We compared the transcriptomes and microRNAomes of the cultured E. granulosus PSCs harvested at 1, 7, and 14 days after culture in medium with (early adult worm development) or without (early cystic development) dog bile salt. A total of 394.92 million and 210.72 million Illumina raw reads were respectively generated from the transcriptomic and microRNAomic libraries. The raw reads were deposited in the National Center for Biotechnology Information Sequence Read Archive under the accession number PRJNA610943. After removing low-quality sequences, adaptor contaminants and small reads (less than 40 bp in RNA-seq and 18 nts in small RNA-seq), we obtained 352.59 million and 163.95 million clean reads, respectively. Of these reads, an average of 65.63% and 51.12% could be mapped to the E. granulosus genome (Table 1).

TABLE 1.

Data summary of the E. granulosus transcriptome and microRNAome.

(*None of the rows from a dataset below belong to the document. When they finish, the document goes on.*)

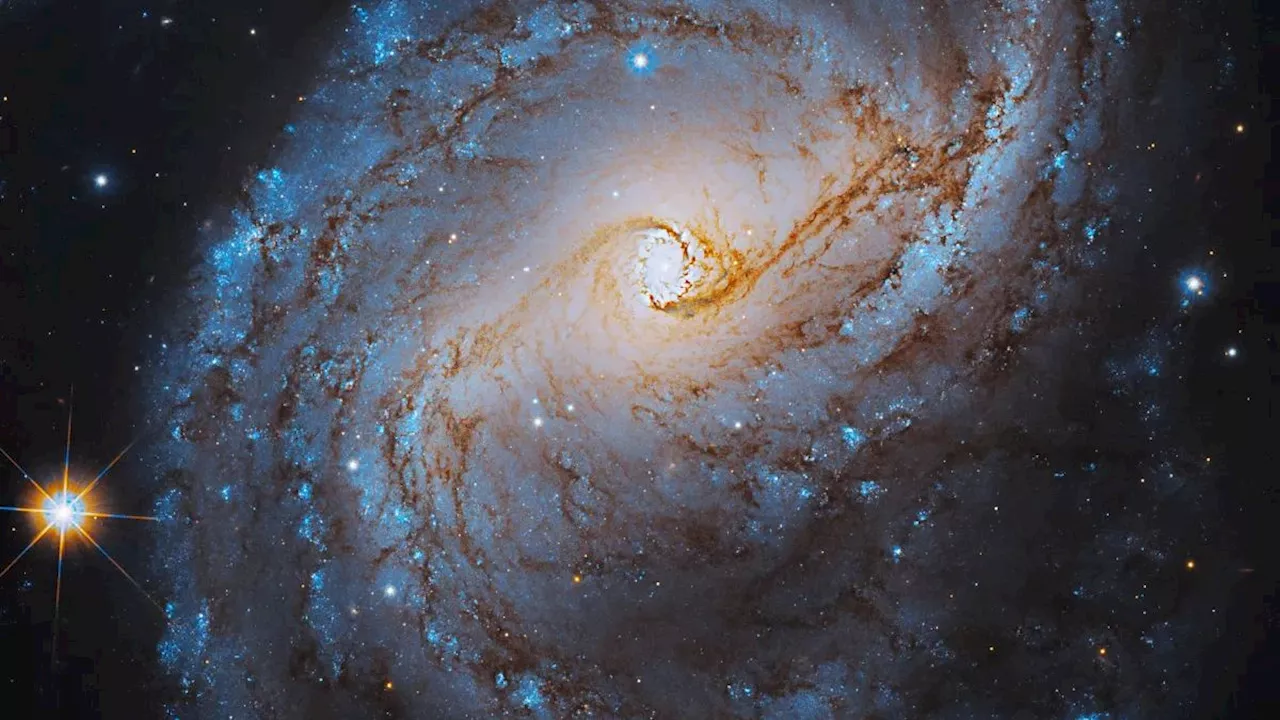 This Hubble Telescope view of a chalky spiral galaxy is a sight to behold (photo)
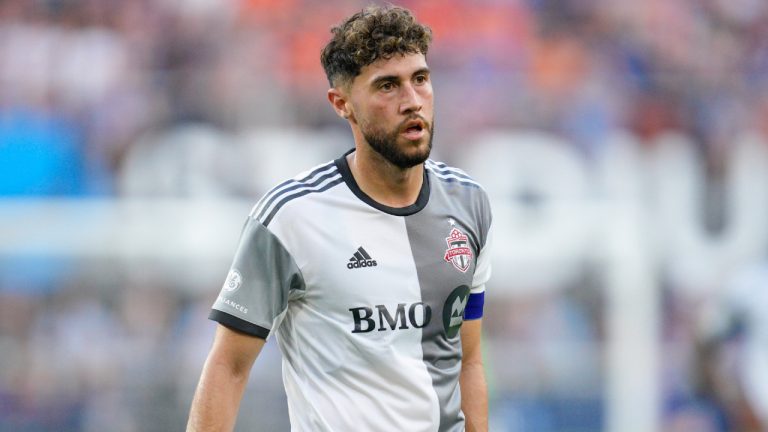 Toronto FC's home-opening 1-0 win Saturday over Charlotte FC was filled with milestones for captain Jonathan Osorio. (Jeff Dean/AP)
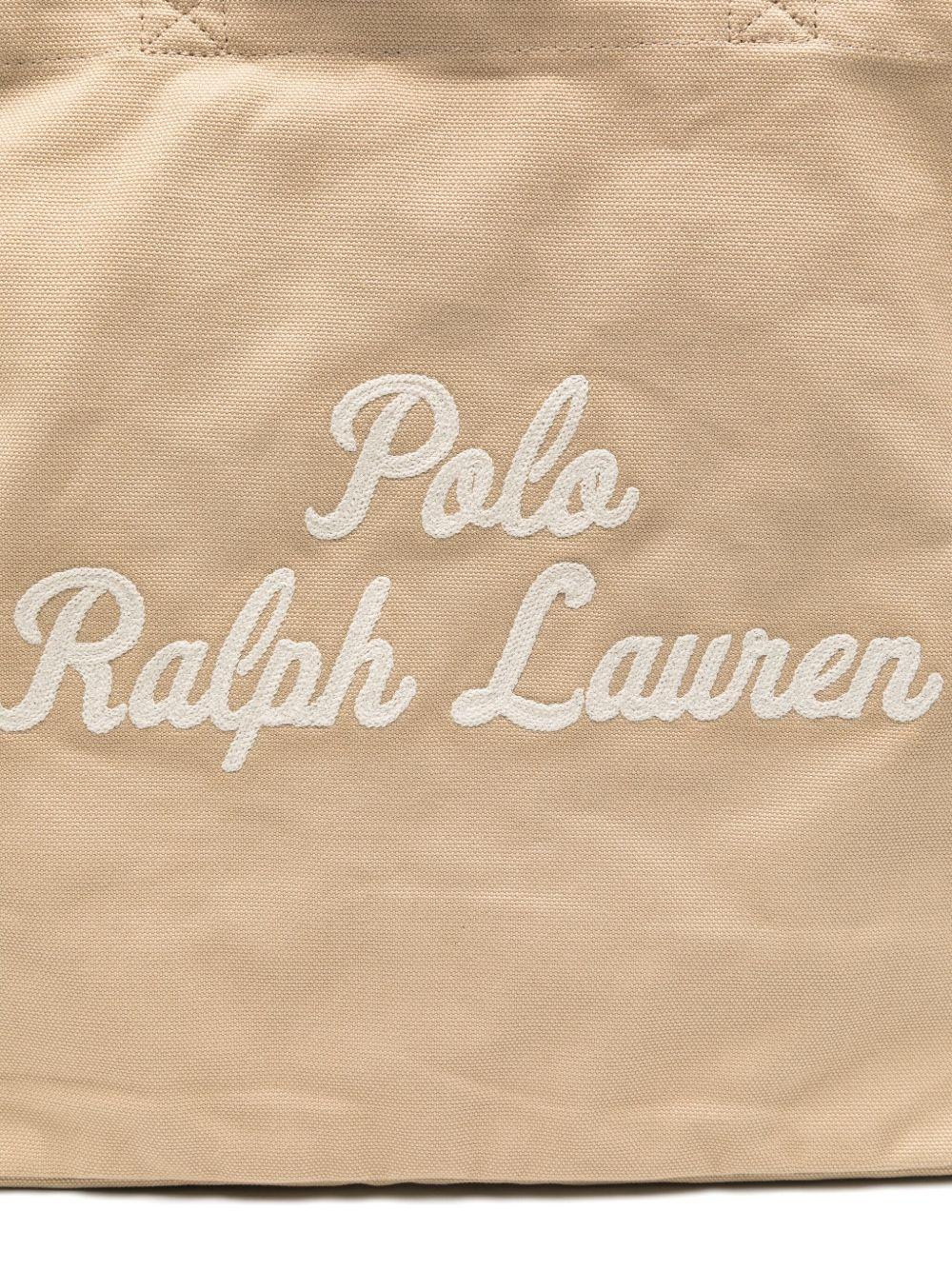 embroidered-logo canvas tote bag Product Image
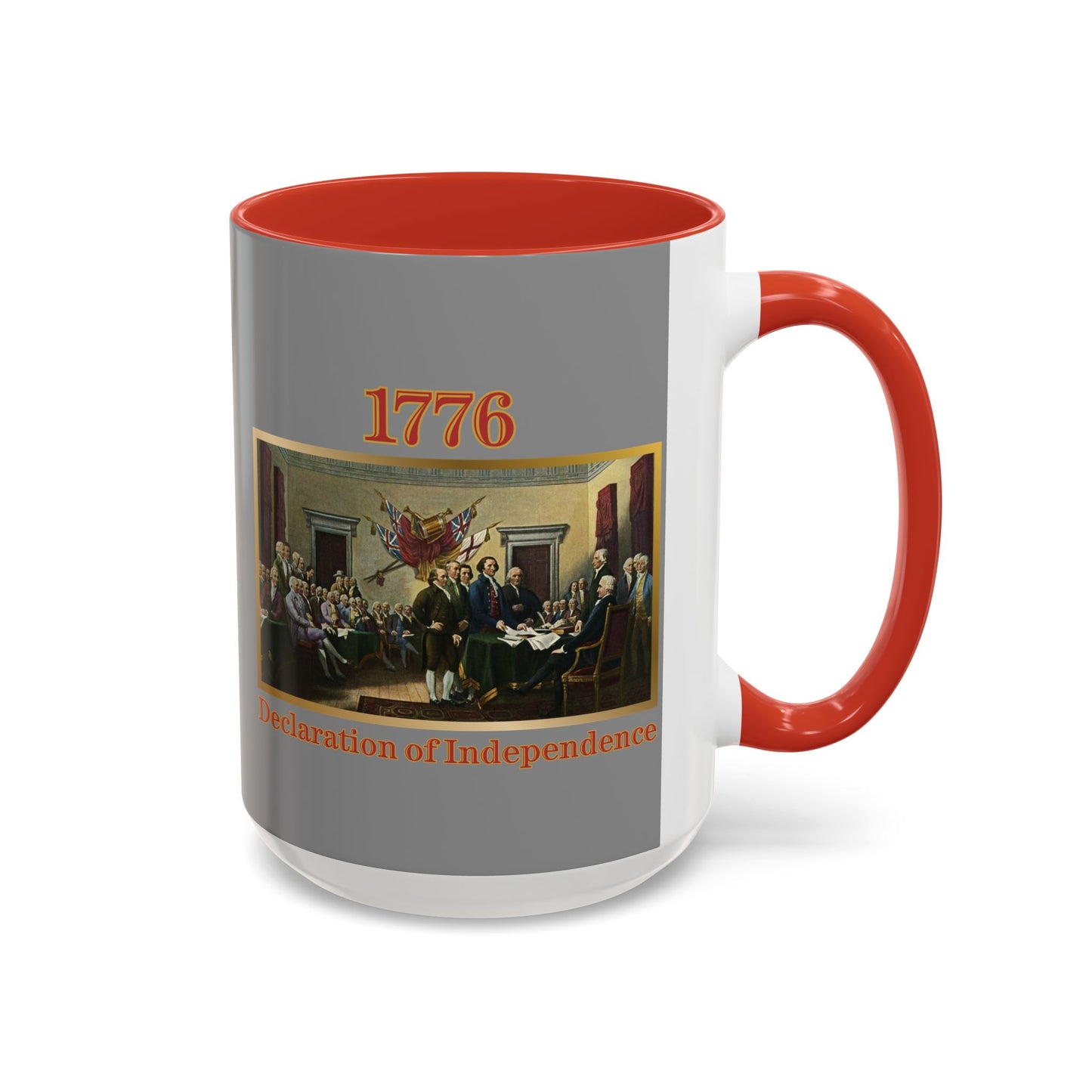 Declaration of Independence Grey Accent Mug by theGreenDragonTavern.shop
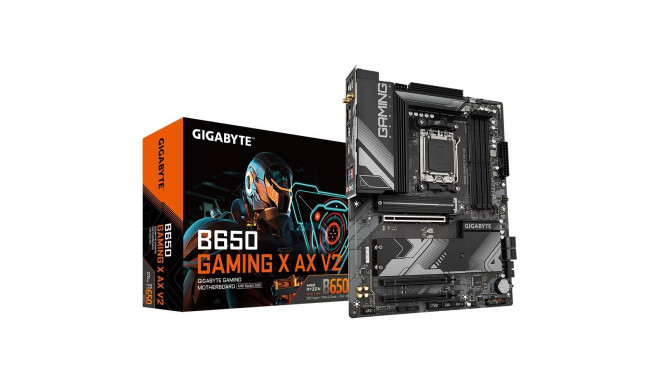 Gigabyte B650 GAMING X AX V2 Emaplaat - Toetab AMD Ryzen 8000 protsessoreid, 8+2+2 faasiline digitaa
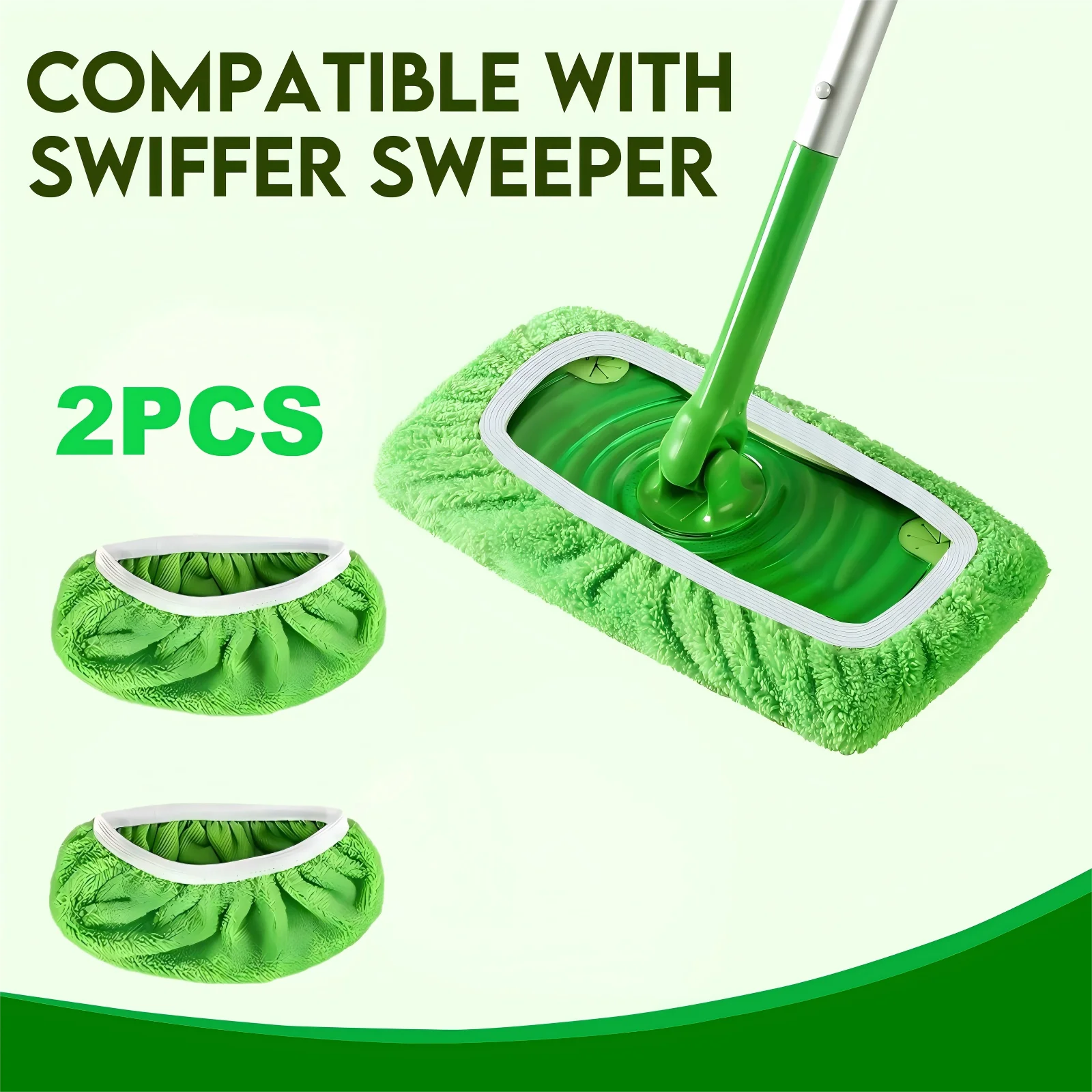Almohadillas reutilizables de microfibra compatibles con trapeador barredor, recambios de almohadillas de repuesto para trapeador húmedo y paños de barrido en seco lavables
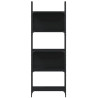 Librería de 5 estantes madera ingeniería negro 60.5x24x166.5 cm 5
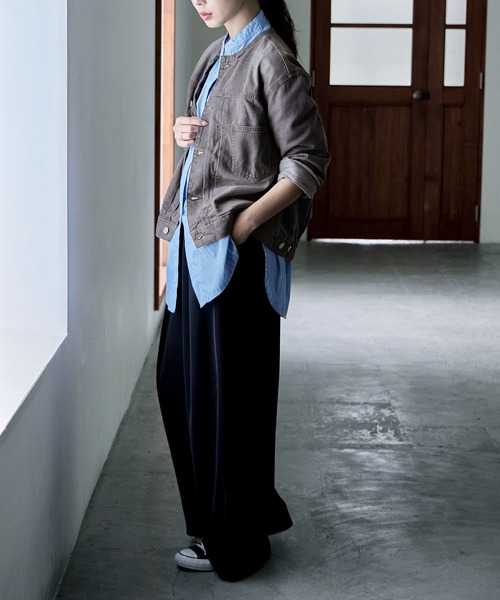 Fashion Letter（ファッションレター） デニムジャケット gジャン ノー 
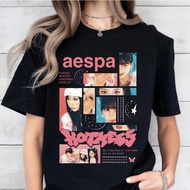Aespa Hot Mess Shirt aespa Kpop Album Graphic Tee KARINA WINTER NINGING GISELLE Girl Group Shirt Kpo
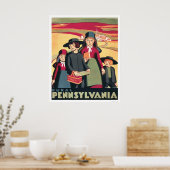 Pennsylvania Amish 1939 WPA Poster (Küche)
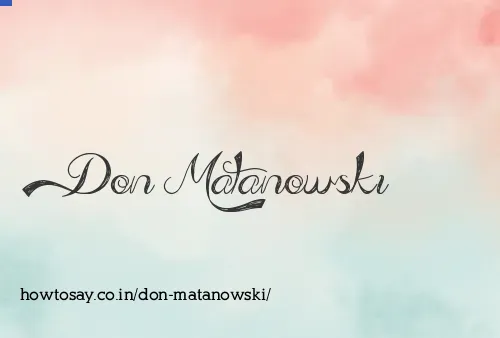 Don Matanowski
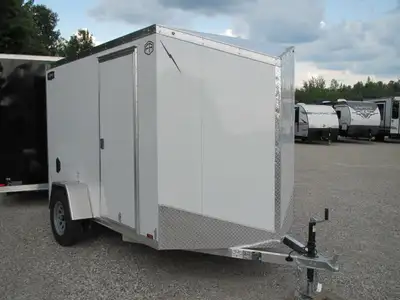 2026 LIGHTNING 6X10 PLUS THE V, ALUMINUM FRAME, WIDE SIDE DOOR WITH RV FLUSH LOCK AND ALUMINUM DOOR...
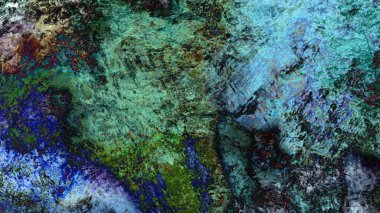 renkli psychedelic arka plan dijital sanat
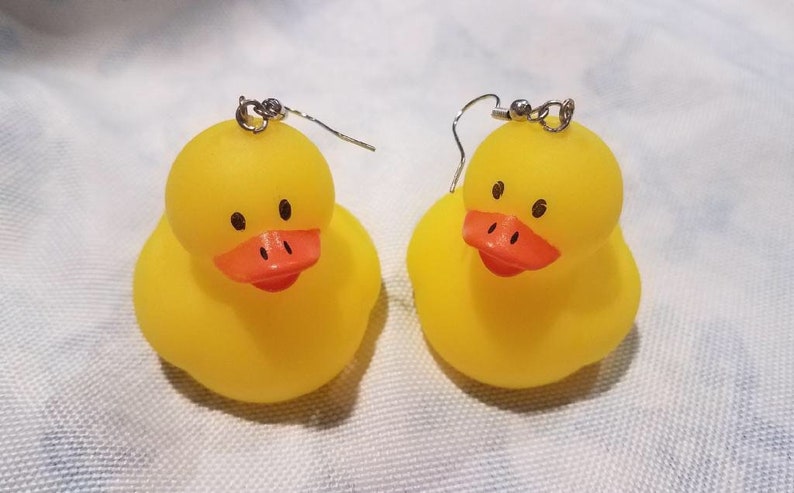 Rubber duck earrings!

Samples ID RNA Sequencing Small RNA Sequencing

Total Clean Reads High Quality Reads Genome Mapped (%)* High Quality reads Transcripts mapped (%)# Total Clean Reads (18−30 nt) High Quality Reads Genome Mapped (%)* High Quality Reads miRNAs Mapped (%)#
0 h 56,805,518 41,477,149 (73.02%) 27,483,646 (66.26%) 24,185,579 13,168,238 (54.45%) 7,249,946 (55.05%)
NSD
24 h 45,865,714 27,534,887 (60.03%) 20,807,190 (75.57%) 22,664,542 13,374,352 (59.01%) 8,162,254 (61.03%)
7 days 47,387,288 30,641,662 (64.66%) 21,343,889 (69.66%) 22,053,979 12,312,969 (55.83%) 6,996,764 (56.82%)
14 days 55,597,998 38,266,289 (68.83%) 28,976,806 (75.72%) 22,113,695 11,027,824 (49.87%) 5,184,590 (47.01%)
SSD
24 h 55,037,642 33,752,124 (61.33%) 19,137,393 (56.70%) 21,173,443 10,502,453 (49.60%) 3,546,522 (33.77%)
7 days 48,910,972 28,462,253 (58.19%) 18,073,569 (63.50%) 26,331,190 9,608,894 (36.49%) 5,773,972 (60.09%)
14 days 42,987,048 31,534,216 (73.36%) 23,182,955 (73.52%) 25,430,586 13,366,873 (52.56%) 6,859,834 (51.32%)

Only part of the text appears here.